After leaving Worcester, Janensch became a consultant to Russian newspapers in 1994-95 under a USAID grant program administered by New York University. Janensch advised on steps to transform former government-owned and subsidized newspapers into profitable businesses and also on the importance of editors forming associations to share best practices and defend against pressures from outside forces.

==Radio journalism career==

Beginning in 1997, Janensch expanded his work to radio broadcasting. His weekly media commentaries were broadcast by WQUN AM 1220, Quinnipiac University's commercial radio station, serving Hamden, New Haven and other Connecticut communities. One 2010 commentary took a more light-hearted approach than his normally serious analyses when he focused on a professional Barbie doll released just before Christmas called "News Anchor Barbie." For 10 years, his commentaries on the news media were aired by the five stations of WNPR Connecticut Public Radio.

Janensch's commentaries for WNPR and the newspapers often were picked up by other platforms, including the Poynter Institute's James Romenesko and the journalism.org site of the Project for Excellence in Journalism.

In 2010 Janensch's weekly "Treasure Coast Essays" began on NPR-affiliated station WQCS, serving Florida communities of Vero Beach and Fort Pierce. He was also heard occasionally on Albany, NY public radio FM station WMAC's ongoing feature called "The Academic Minute." His occasional guest commentaries were aired by WSHU-FM in Fairfield, Connecticut.

==Playwright==
Janensch co-wrote Dear Eva, a nonfiction play based on World War II letters saved by Eva Lee Brown of Easley, South Carolina, and discovered 50 years later by her daughter, Catherine Ladnier of Greenwich, Connecticut, who invited Janensch to be her collaborator. Love in a Time of War, a spinoff consisting of the love letters in Dear Eva, was staged by the Shawnee Playhouse in Pennsylvania and the University of Memphis.

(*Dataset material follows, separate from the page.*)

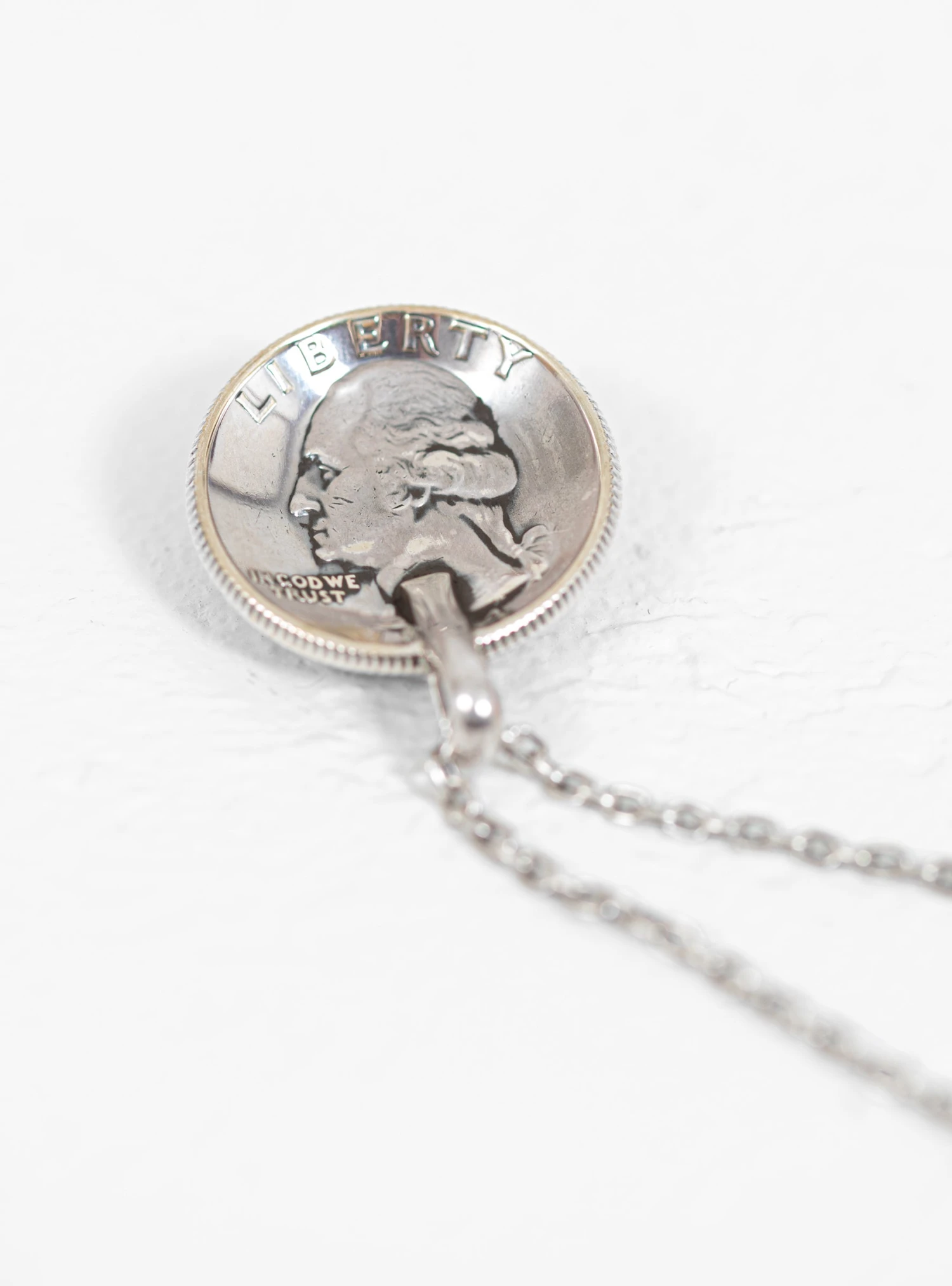 25 Cent Concha Stone Pendant Necklace Silver 3 25 Cent Concha Stone Pendant Necklace Silver - Image 3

Janensch wrote the script of Famine Echoes, a dramatic reading of what ordinary men and women told their descendants about Ireland's Great Hunger; the material was used by permission of Cathal Póirtéir, author of the 1995 book Famine Echoes, and the National Folklore Collection, University College Dublin. In March 2014 the dramatic reading was directed by Janensch in performance at Ireland's Great Hunger Museum in Hamden, Connecticut.

==Education career==
In the late 1980s, while still with Gannett, Janensch taught newspaper management as an adjunct professor at Columbia University Graduate School of Journalism. As editor of the Rockland Journal-News, in 1990 he was a founder of Leadership Rockland, which offers existing and emerging leaders an educational experience focused on the infrastructure of Rockland County, New York.

In 1995, Janensch became associate professor of journalism at Quinnipiac University (then Quinnipiac College) and later was granted tenure. He taught both graduate and undergraduate students during his 14 years there.

Under Quinnipiac auspices, Janensch visited China to give lectures on the American news media at the Beijing Broadcasting Institute in 1997, 1998, and 2000. He also hosted visiting professors from China in an exchange between this institute and Quinnipiac. He moderated and served on panels on ethics, political polls, and other matters at annual conferences of the Association for Education in Journalism and Mass Communication (AEJMC). He taught a course on the autobiographical writings of Frank McCourt and Malachy McCourt to Quinnipiac students studying in County Kerry, Ireland.

Janensch retired in June 2009 and was granted Professor Emeritus status. In April 2013 he was appointed a writing adjunct at Ireland's Great Hunger Museum (Musaem An Ghorta Mhoir) at Quinnipiac University. He continued to teach a seminar on news media systems around the world as an adjunct.

==Personal life and death==
Born November 26, 1938, Carl Paul Janensch Jr., in Evanston, Illinois, Janensch was a graduate of Georgetown University (B.A., 1960) and Columbia University Graduate School of Journalism (M.S.J., 1964). He married Courier-Journal reporter Gail Evans in 1969. They had three adult children and two grandsons. They divided their time between homes in Connecticut and Florida. Janensch was related to German paleontologist and geologist Werner Janensch (1878–1969).

Janensch died on July 15, 2025, at the age 86.